Your objective
Make an exact copy of the lines from the one holding "Korean Full Screen" through the end of the entries below, both ends kept, and of nothing else. Exclude pictures.

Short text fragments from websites
# # #

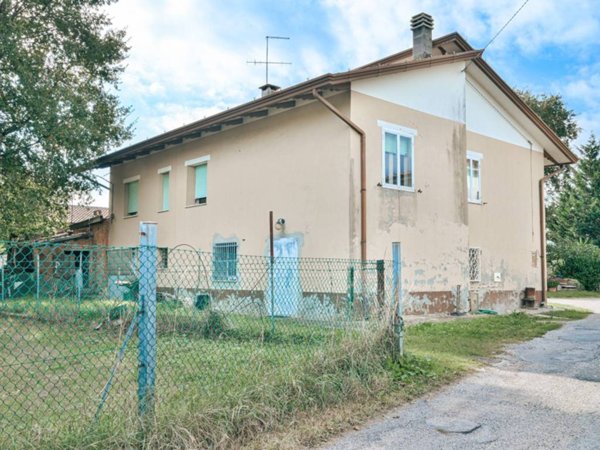 casa indipendente in vendita a San Giovanni in Marignano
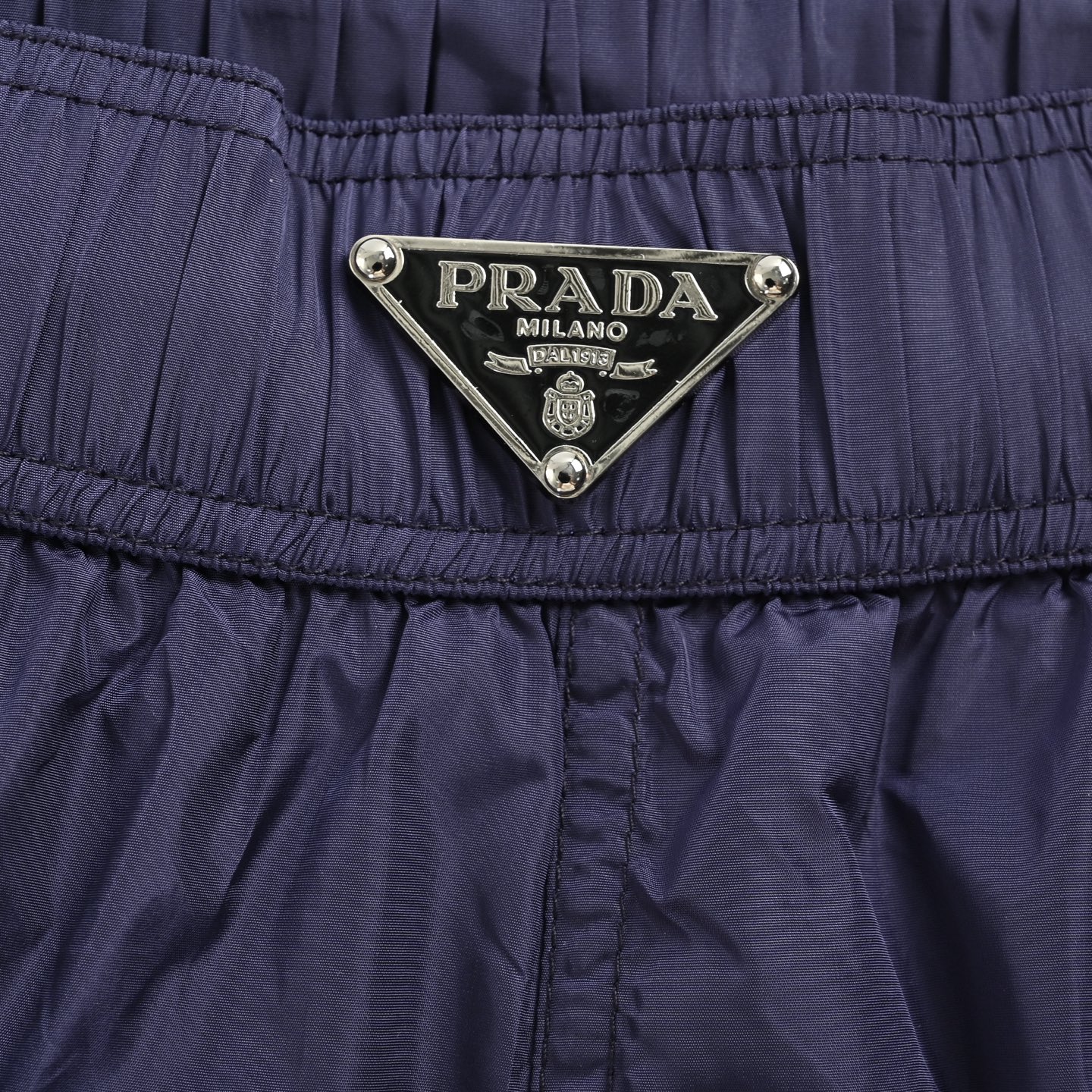 Prada/普拉达 腰际三角标尼龙短裤
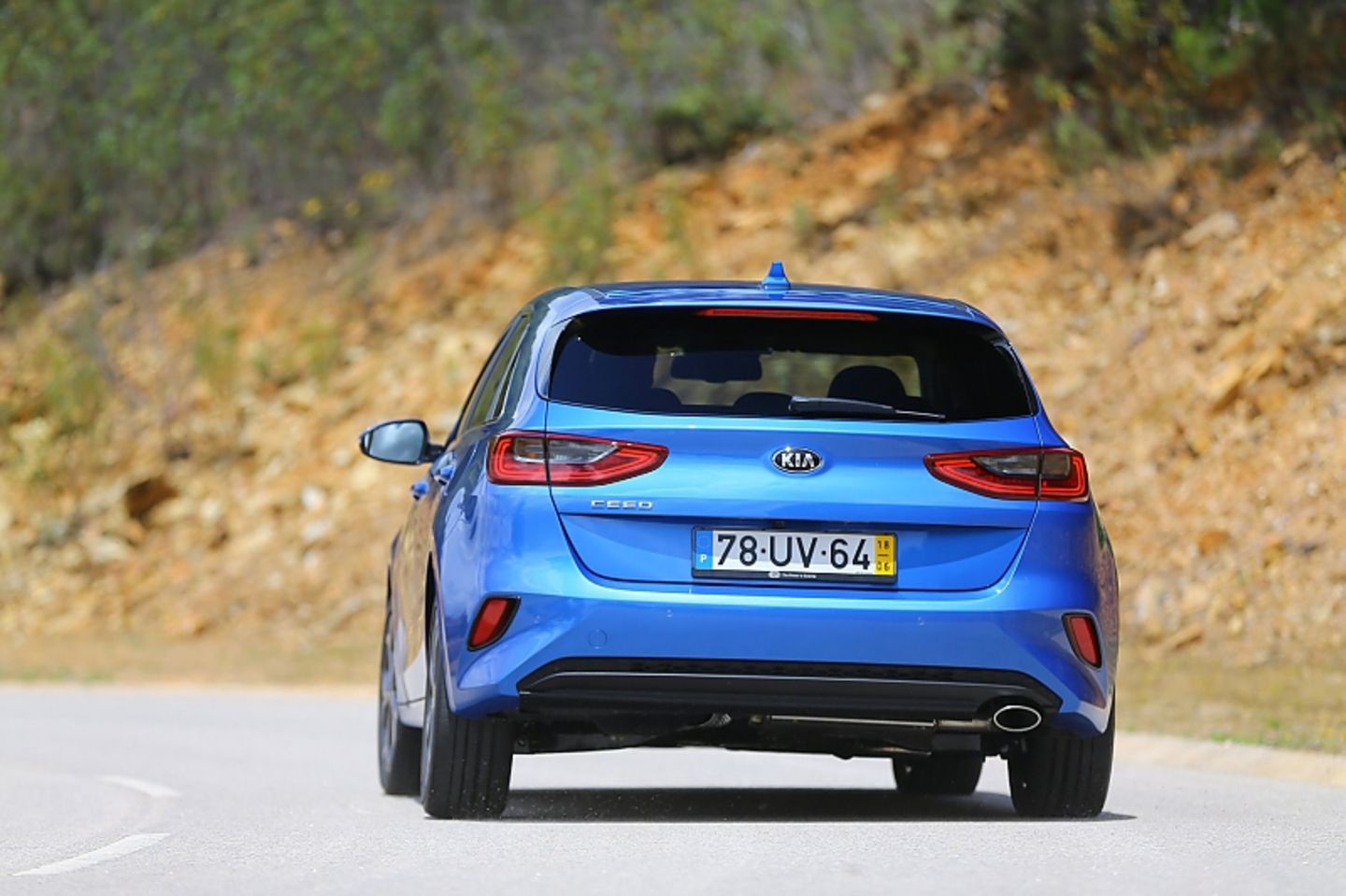 Kia Ceed 1.4 T-GDI - hinten arbeitet eine Mehrlenkerachse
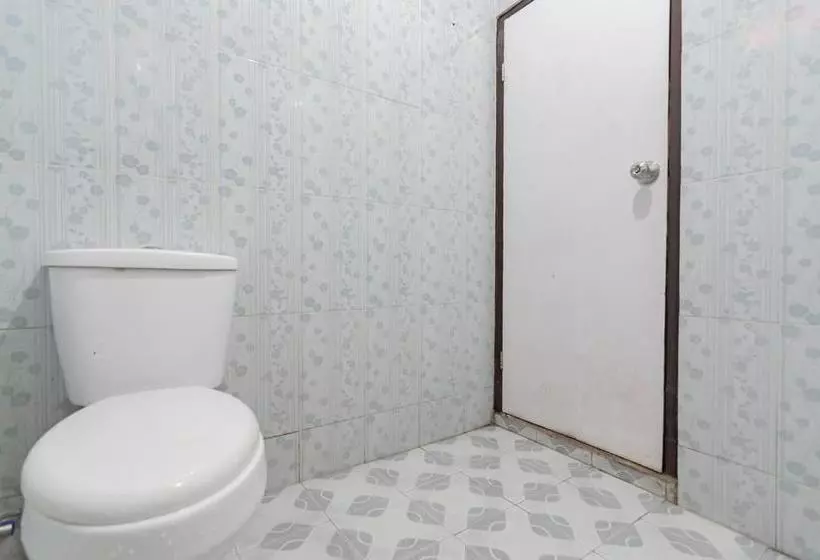 Hotelli Reddoorz Syariah @ Happy Farm Ciwidey 4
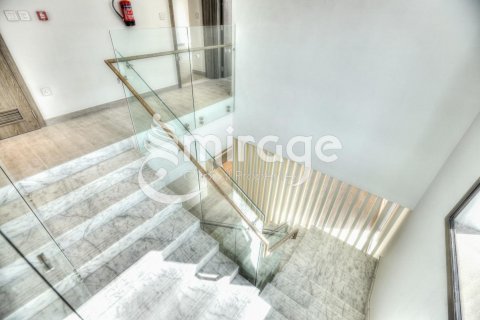 Müüa dupleks on the Yas Island, Abu Dhabi, AÜE: 4 magamistoaga, 354.8 m² Nr 550705 - pilt 3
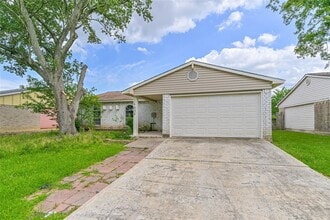 Building Photo - 14634 Dartwood Dr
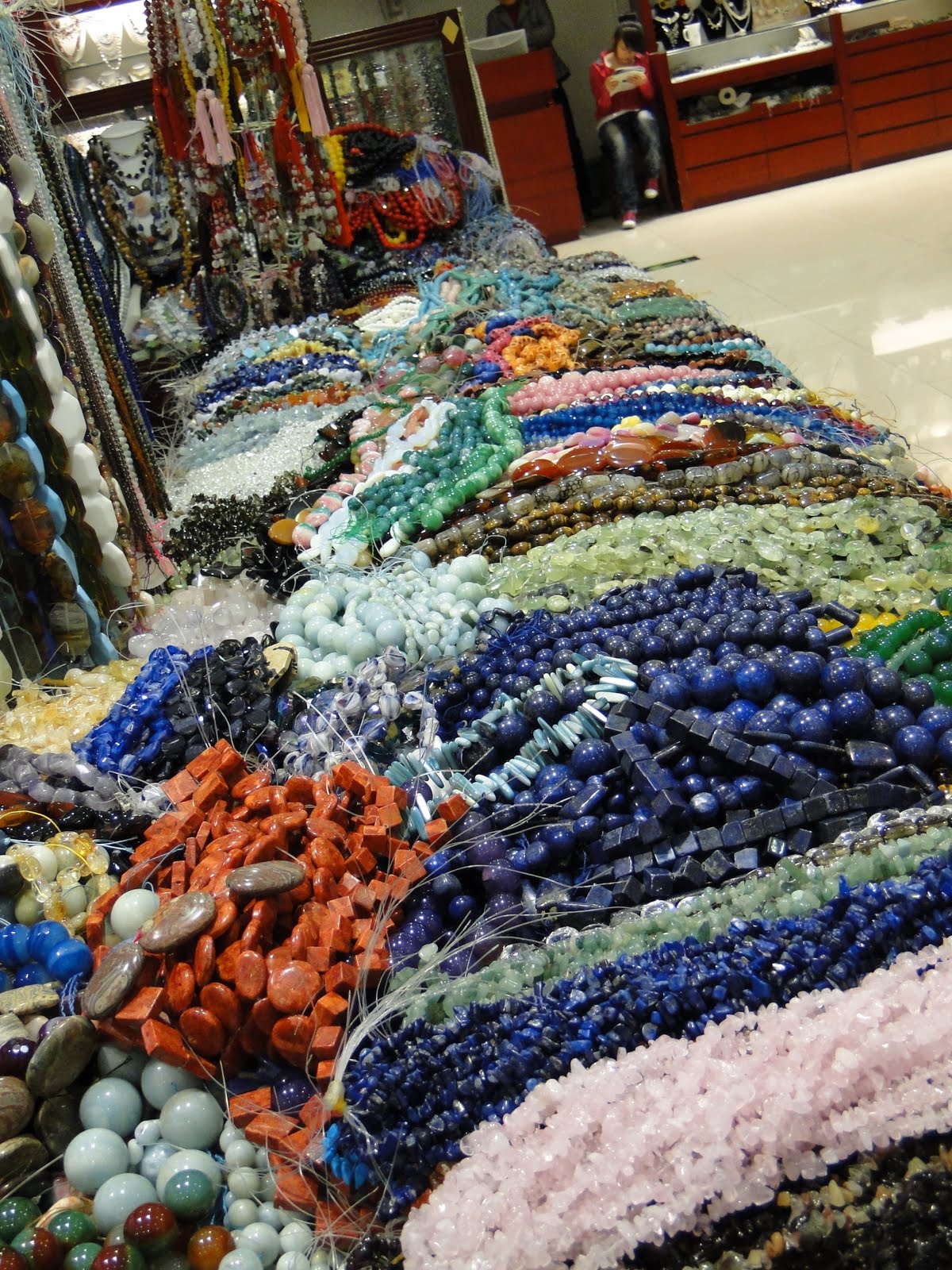 Two (& a half) Texans in Canada Shanghai Weekend {Friends & Pearl Market}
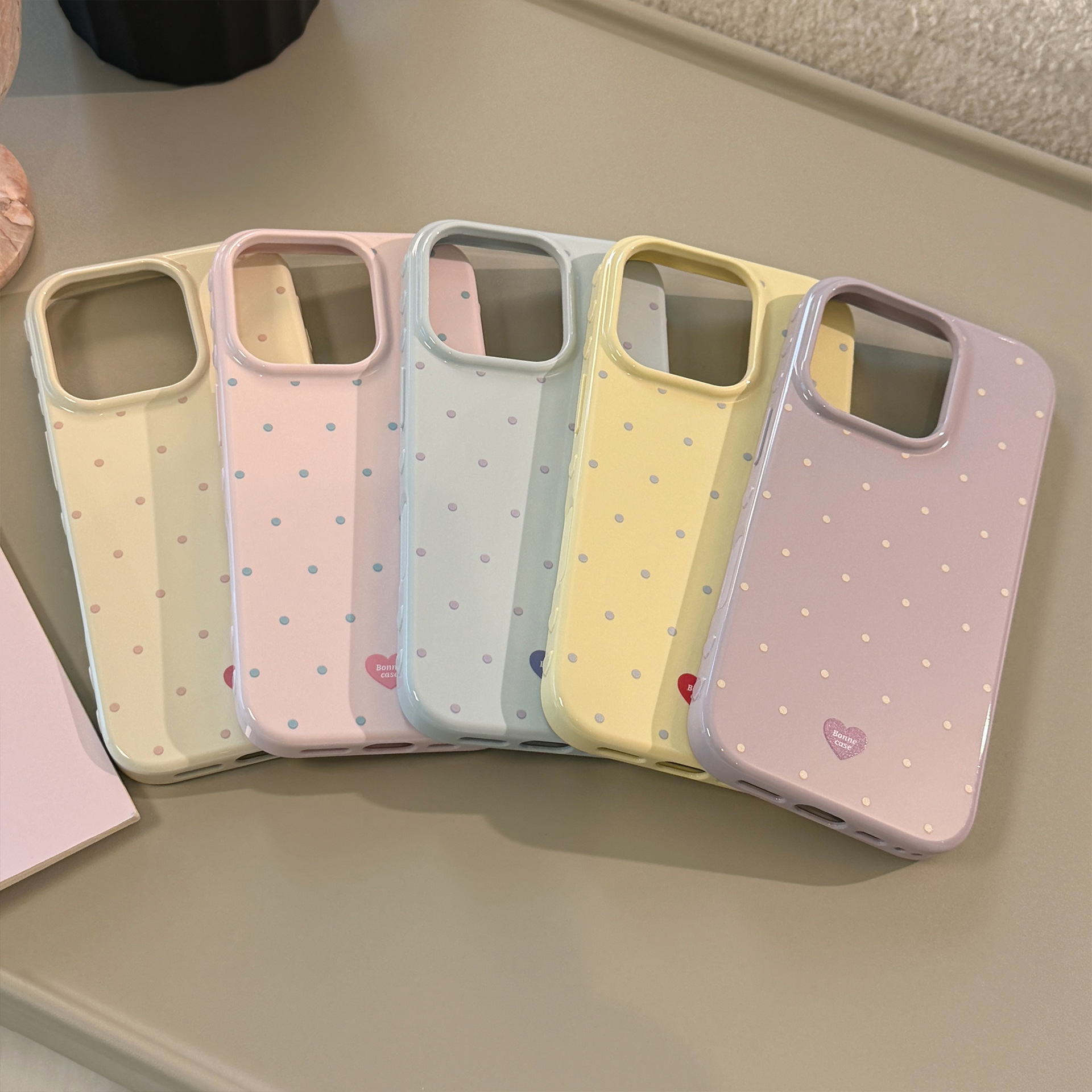 Korean Full Screen Candy Color - Phone Cases Polka Dot のレビューと価格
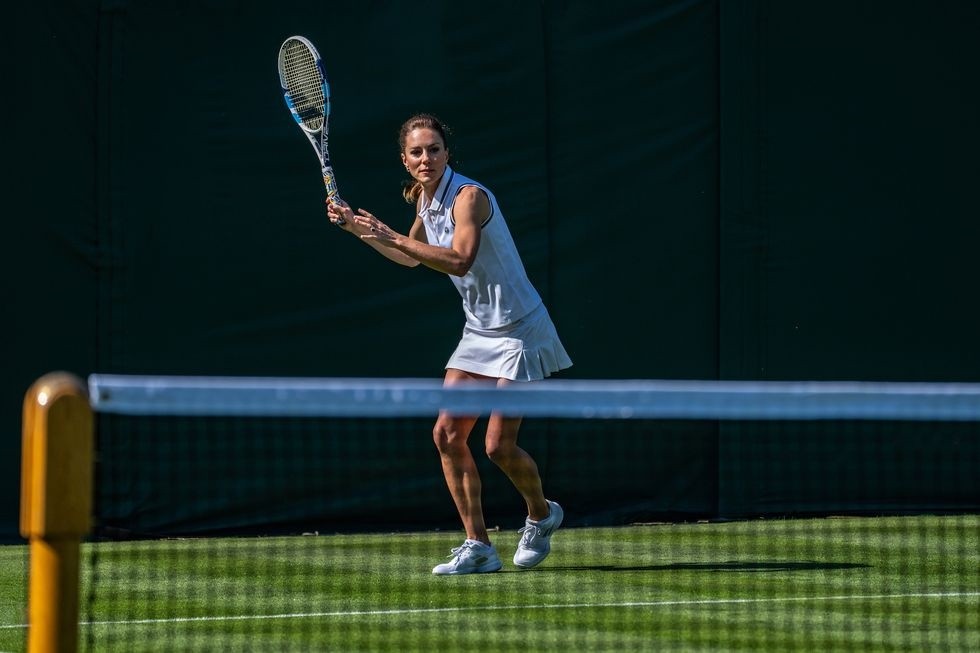 Wimbledon 2023: Kate Middleton hợp tác với Roger Federer chào đón tình nguyện viên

# # #

Expected output
 Korean Full Screen Candy Color - Phone Cases Polka Dot のレビューと価格
 Wimbledon 2023: Kate Middleton hợp tác với Roger Federer chào đón tình nguyện viên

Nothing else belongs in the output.